Ask HN: How Do You Focus? - igotsideas
I’ve always had difficulty focusing. I tend think about other things when I read and when someone is explaining something to me. Anyone ever have this and how did you correct it?
======
Jarwain
Assuming that you're generally healthy, not deprived of sleep or otherwise
dealing with fatigue, and you don't have sleep apnea, this sounds like a
classic description of ADHD. I'm not a doctor though, so take it with a grain
of salt; do your research and/or talk to a licensed professional if you have
concerns.

My experience of ADHD feels like getting distracted by my own thoughts. Mind
wandering at inopportune times, or random thoughts popping into my head. It
tends to happen when I'm not effectively engaged by what I'm reading or who
I'm listening to.

I generally try to be mindful and aware of my attention and thoughts, to
refocus whenever I notice myself wandering off. I try this as frequently as
possible, and try to build a habit out of it.

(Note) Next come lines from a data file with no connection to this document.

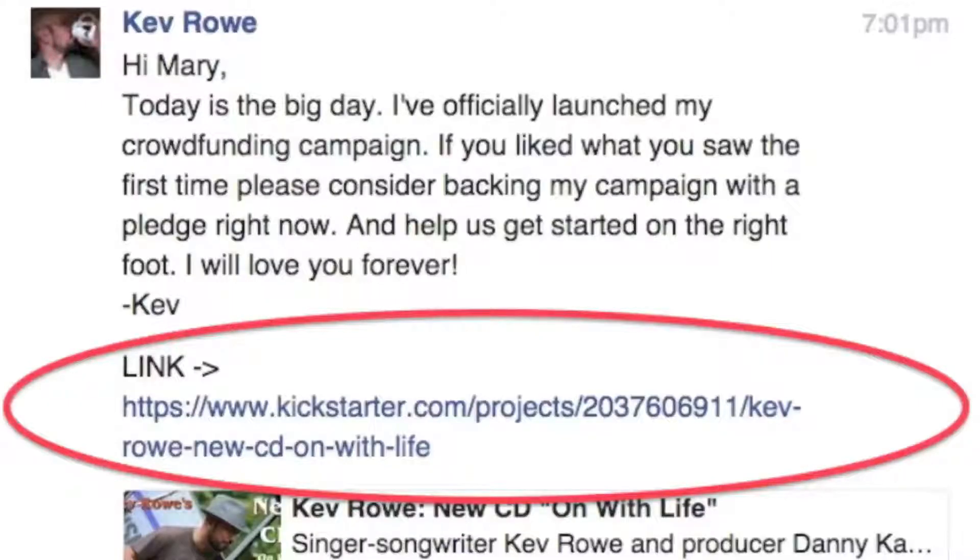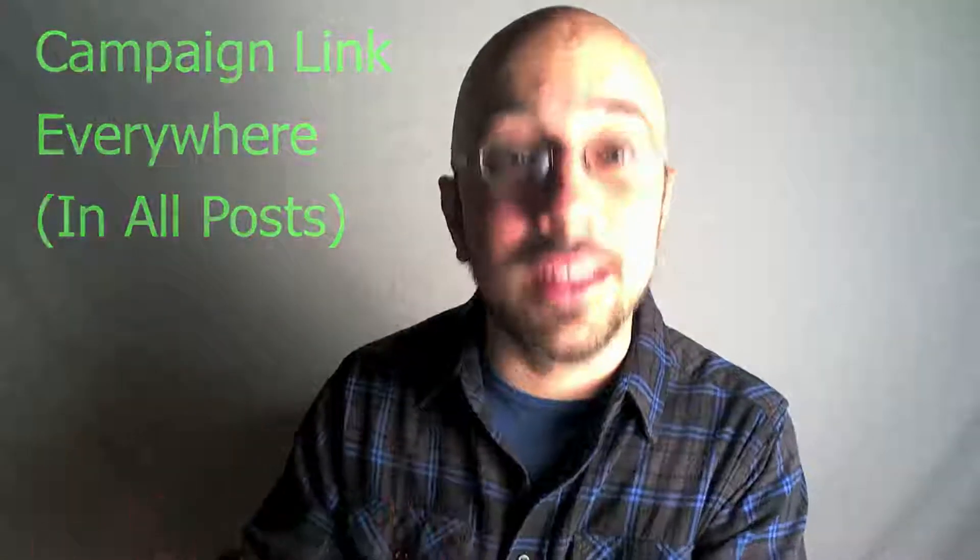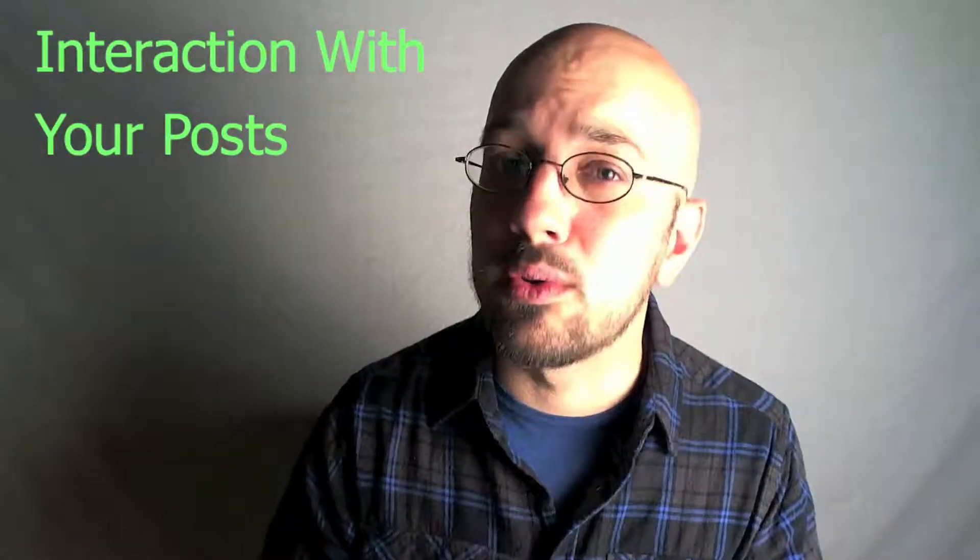Now this is super important — insert that campaign link everywhere. In every single post, it's the only way that people are going to go to your campaign page. Facebook has a few restrictions on where links can appear, but put them in the comments. See who's liking, send them a quick message. It's all about interaction with your posts and squeezing as much as you can out of the potential that's there.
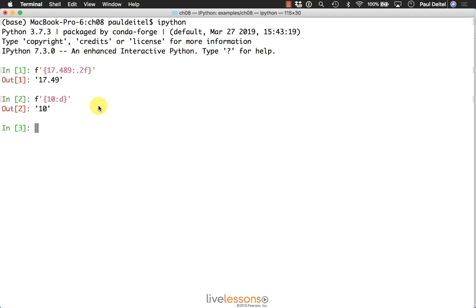So if, for example, you tried to format the string hello as a floating point number, that's going to result in a value error, and you can try that on your own to see the error appear in IPython.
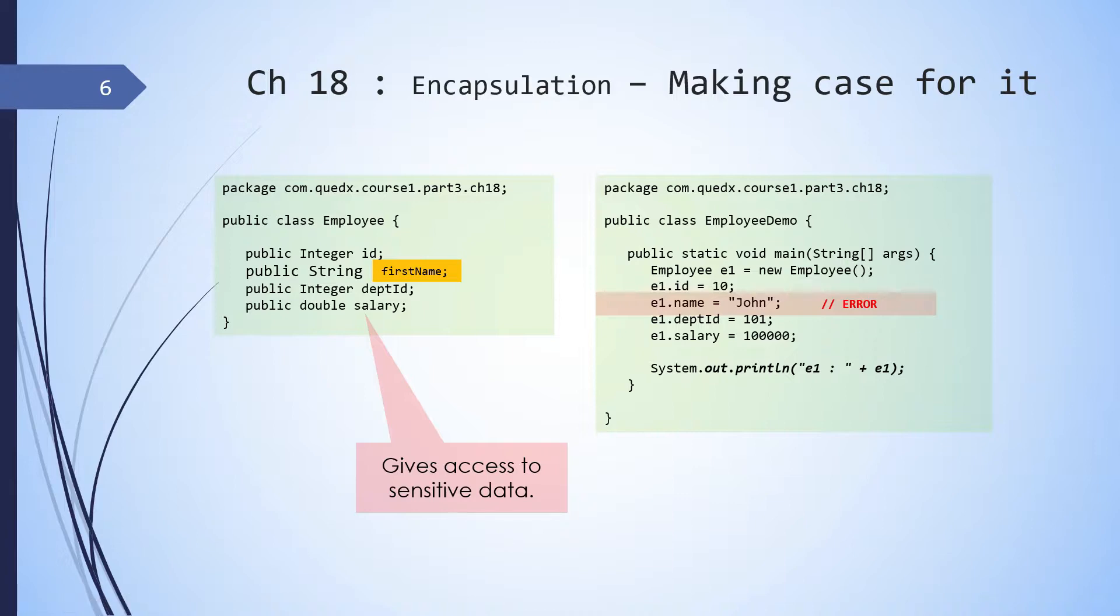There is one more issue with this. So assume that client is using the employee as a key in HashMap. Now if accidentally there is a code written that changes the key, this will result in an undeterministic behavior on client side. Can these all be addressed? Yes, they can. Let's see how.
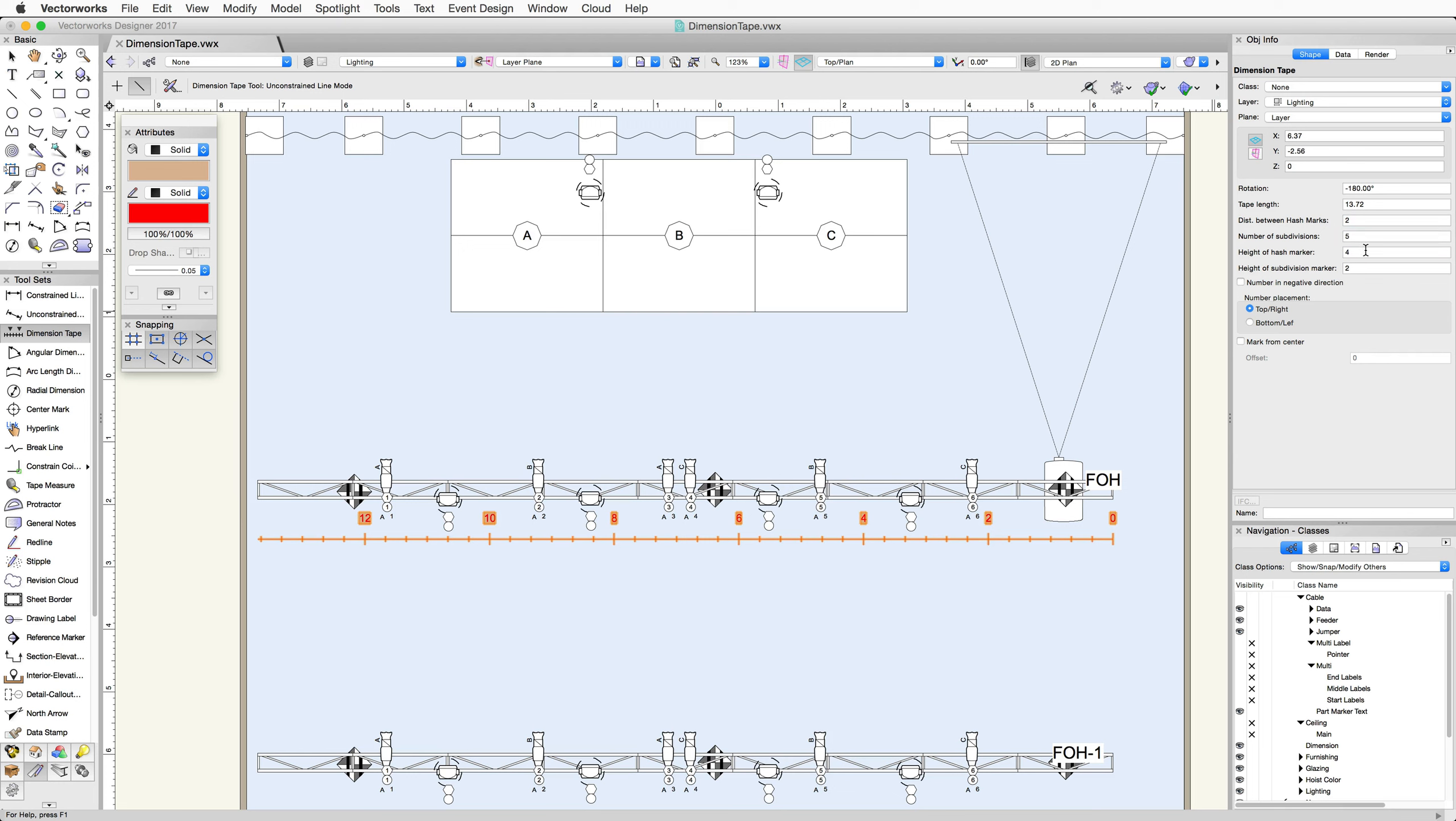If you want to make the hash marks or subdivision lines longer, change the height in the Object Info Palette.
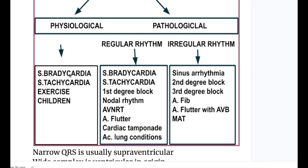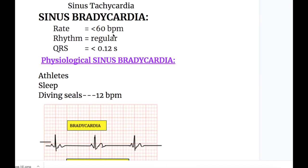First in the series is sinus bradycardia. In sinus bradycardia the rate is less than 60 beats per minute, whereas in sinus tachycardia the rate is more than 100 beats per minute. The rhythm is regular in both, and the QRS complex is less than 0.12 seconds. Both sinus bradycardia and sinus tachycardia cause a decrease in cardiac output.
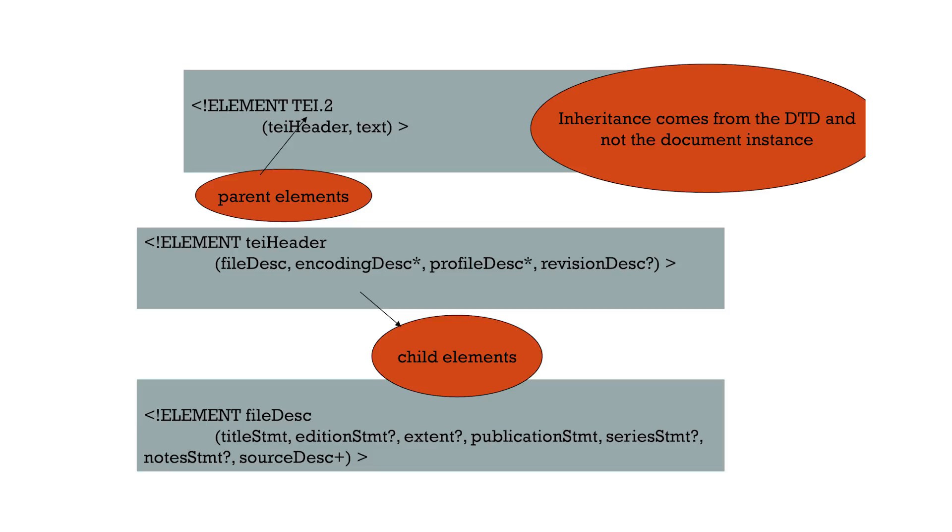So why would you use a DTD or a schema? They're an important and powerful part of XML. They enforce syntax uniformity. They ensure elements and attributes are used properly.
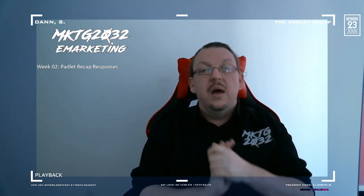Welcome to the Week 2 Padlet Recap. First thing I just want to say is thank you to everyone who's currently making use of the Padlets. They are part of your participation and engagement opportunities.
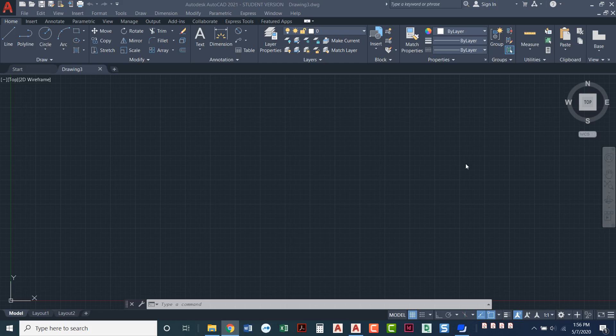In this video I'm going to take you on a tour of AutoCAD's interface. We've opened up a blank drawing here and I'm just going to take you through what we're looking at. If we start at the very top, up here this red A is called an application button.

When listening to others explain things, I try to be an active listener.
Rephrase what they just said in your own words, as best you can. Engage in
discussion whenever possible/polite.

When reading, I like to Doodle, rewrite in my own words, or otherwise find
ways to engage with what I'm reading.

Generally, improving one's focus takes time and practice, like any other
skill.

------
yesenadam
Maybe if you mention in the question that you've always found it hard, you
might get more response. The explanation made it very different from what I
expected the question was. That sounds terrible. Good luck!